No es eso lo que nos prometen quienes controlan la innovación técnica en nuestra sociedad. Apuestan por la vigilancia permanente, por la apropiación de los flujos de vida (transformados en datos) que suceden fuera del trabajo (alienado y basado en la explotación) para su valorización en los mercados (en gran medida oligopólicos). Pretenden convertir en mercancía, no sólo la fuerza de trabajo utilizada en el proceso de producción, sino el proceso vital de la sociedad en su totalidad. Biopoder en la sociedad-fábrica. Supervisión constante y valorización del “General intellect” del que habló Marx en sus Grundrisse.
Hay alternativas, sin embargo. Tanto para lo micro como para lo macro. Tanto para la regulación actual de cosas como la desconexión digital, como para el sistema capitalista en su conjunto. Y esas alternativas están creciendo y conformándose, en este instante, en los intersticios de la propia sociedad del Capital.
Un derecho real a la desconexión del trabajador, en el ámbito laboral, presupone en convertirla en un derecho irrenunciable (como son las vacaciones) y en tasar de manera clara o denegar totalmente las posibilidades de que la empresa pueda ponerse en contacto con el trabajador en el tiempo de descanso. Recuperar, actualizándolo, ese viejo derecho fundamental que la textura de la sociedad neoliberal ha hecho impracticable: el derecho a la intimidad, regulando fuertemente el uso de logaritmos e inteligencia artificial en los procesos de selección o convirtiendo dichos procesos en competencia exclusiva de una instancia pública con participación y control sindical (dotando de contenido real a las agencias de empleo).
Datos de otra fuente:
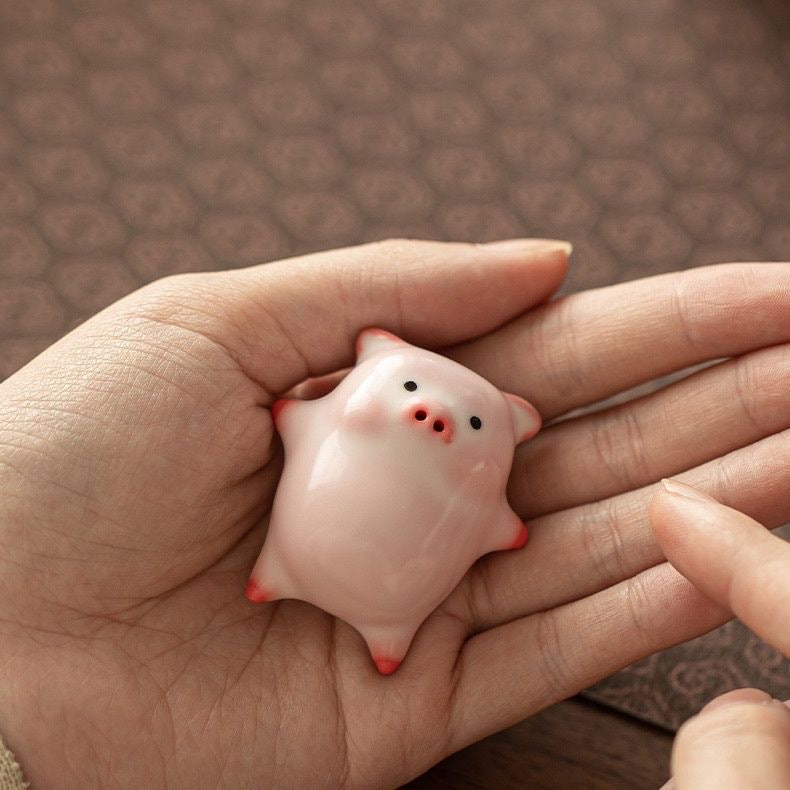 Tea Pet | Bubble Blowing Piggy for Gongfu Tea Set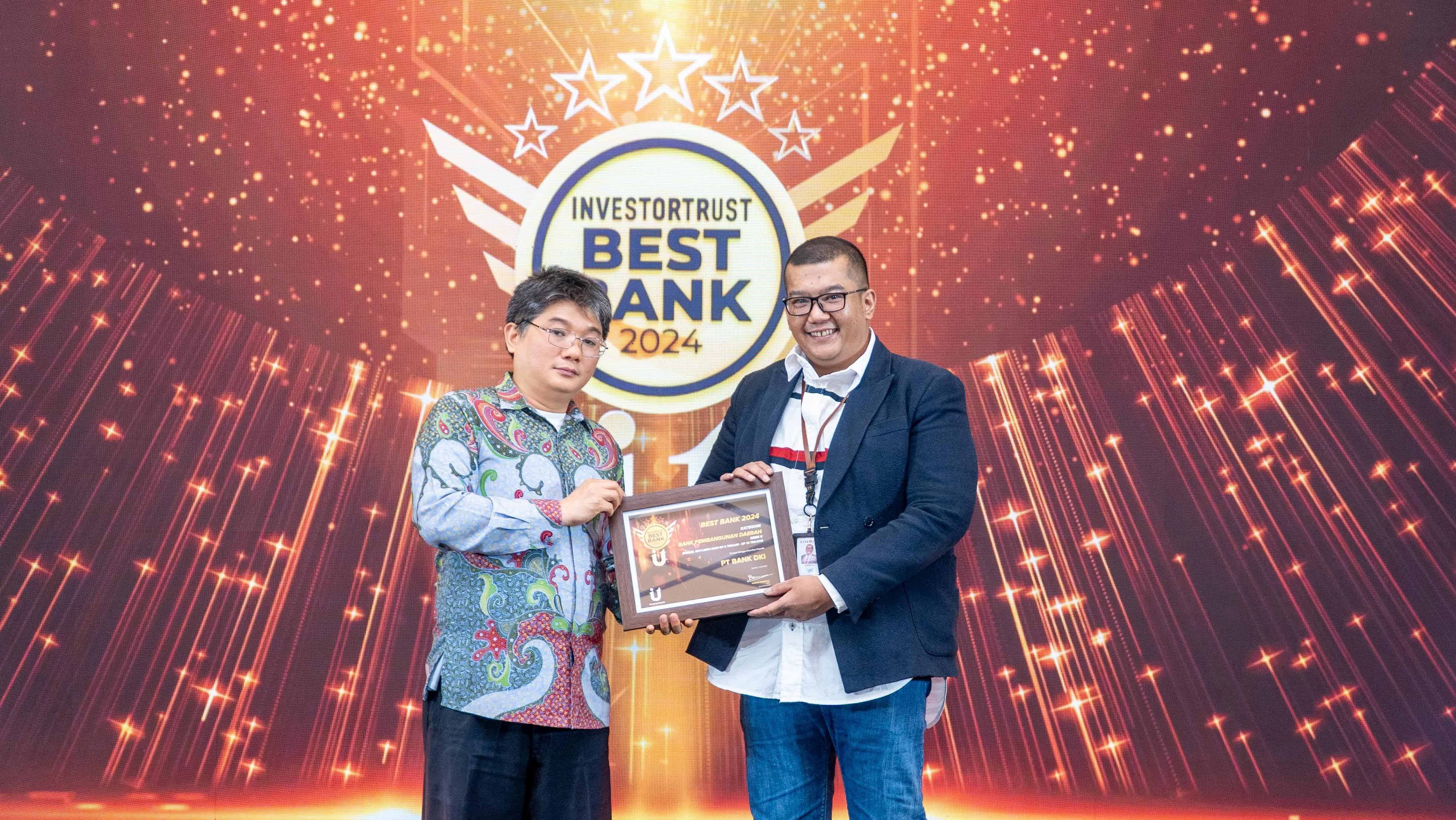 Bank DKI Wins Best Bank Award 2024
Acabar con la precariedad laboral, indicando que el despido improcedente ha de conllevar readmisión obligatoria y controlando y limitando la causalidad de los contratos temporales, de manera que el trabajador se sienta lo bastante fuerte para defender sus derechos en la cotidianidad de la vida empresarial.
Una sociedad de la abundancia (tal y como la definían Marx y otros pensadores del socialismo más transformador), pero también de los derechos y las libertades, deberá erigirse sobre el control y regulación de lo que puede hacerse con los datos, y sobre la tendencial limitación de las posibilidades técnicas de la vigilancia permanente, estableciendo cortafuegos, áreas de intimidad indisponible para los individuos, transparencia absoluta de los procesos empresariales y gubernamentales ante el escrutinio de los grupos autoorganizados de trabajadores. Volviendo transparente al poder, y opaca a la vida individual e íntima. Haciendo proliferar el conocimiento y la técnica, pero también encauzándolos en dirección a la salvaguarda y expansión de la vida, no a su valorización como Capital.